Al principio, muchos de los que vivían en la Parroquia no sabían dónde estaban. Por eso hasta ellos llegaban las misiones. En días de semana por las tardes, o los sábados a mitad de la mañana, cuadrillas de mujeres recorrían los barrios. Devotamente llevaban capillitas de madera, dentro de las cuales una virgen de yeso desplegaba su dorado abanico de rayos pintados. Podía haber menos recursos, podía ser María apenas una estampa, pero infaltable era la casa que la guarecía, réplica simbólica de aquella adonde habría de quedarse algunos días, para bendecir el techo y la familia.
Era cosa de mujeres, lo sabía el Padre Augusto.
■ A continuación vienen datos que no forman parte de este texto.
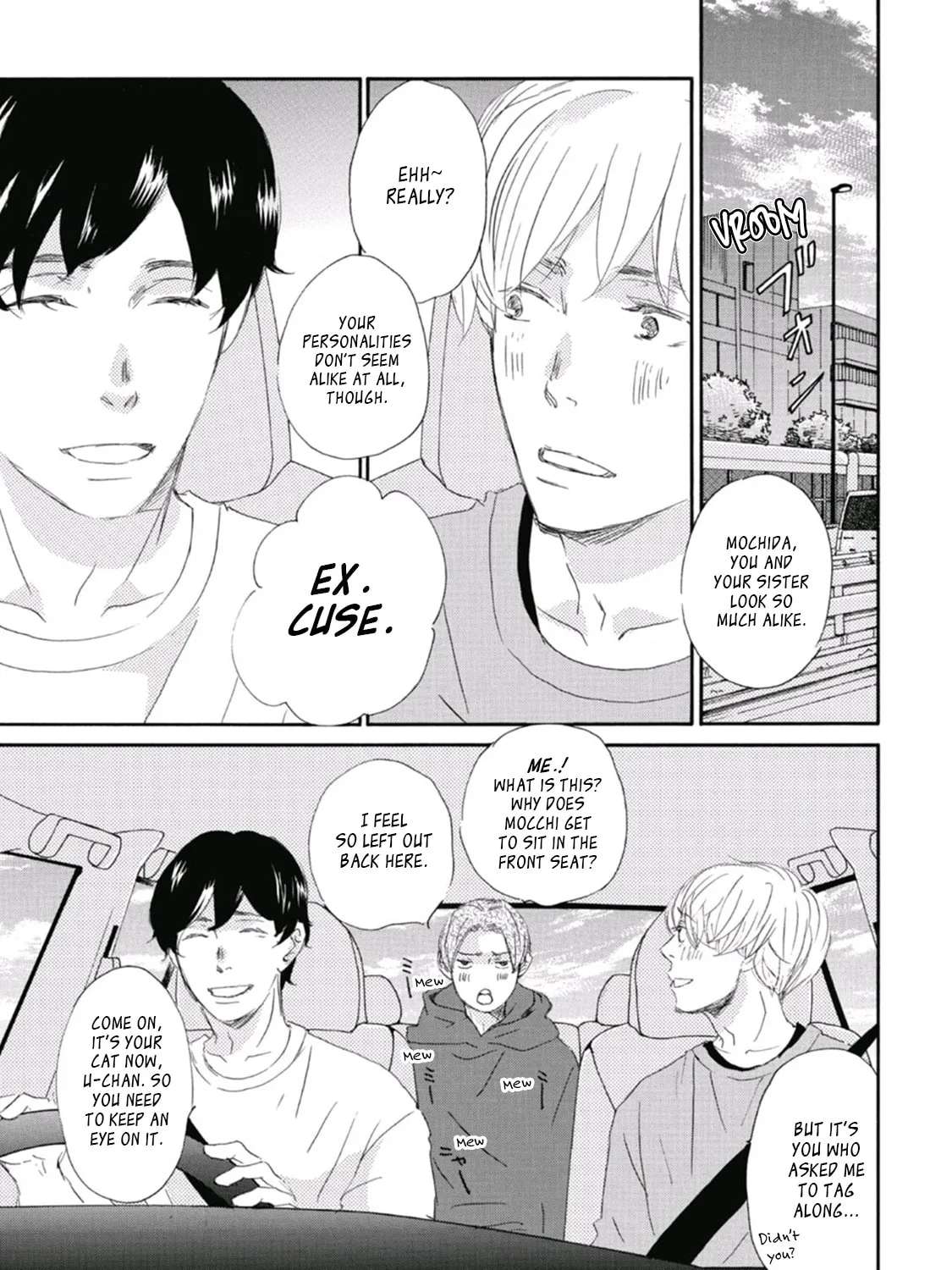 Mochida is Falling in Love Chapter 14 - page 16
Pero sabía también que esas mujeres de los barrios torcían la voluntad de los esposos a fuerza de sumisiones y silencios.
Entre los corrillos de devotas, cuyos labios murmuraban rezos y maledicencias, el territorio se hacía Parroquia y el Templo se volvía el centro de una carpeta tejida con la gracia y la paciencia del crochet.
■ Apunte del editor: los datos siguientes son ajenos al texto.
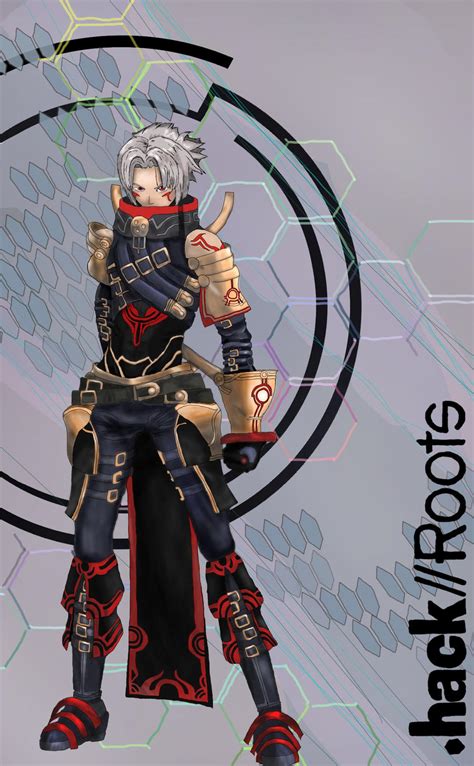 Hack Roots Haseo Completed By Drkheartstriv8i On Deviantart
Las mujeres de la parroquia. Jóvenes aún pero manchadas de vejeces. Envueltas en vestidos sin colores ni atractivos. De risa fácil y estruendosa, y rápida mudez de velatorio. Expertas en sacar de casi nada heroicos guisos y de pisar los patios de sus casas como quien pisa plantaciones propias. Amantes reservadas de las flores, que obtenían como premio de los dioses, como pago a las porfiadas privaciones. Misionaban con alegría circunspecta y en nombre de la Virgen salían de sus casas a cumplir otra tarea que no fuera hacer las compras. Varios hijos tenían casi todas. Un marido a quien esperar de noche. Un chisme que contar por la mañana. Las mujeres de la Parroquia. Nombres rústicos tenían: Tomasa, Ramona, Adolfina.
Por eso a Marisa su nombre le daba –y además porque era joven y bonita- la frescura de unos brillos cristalinos.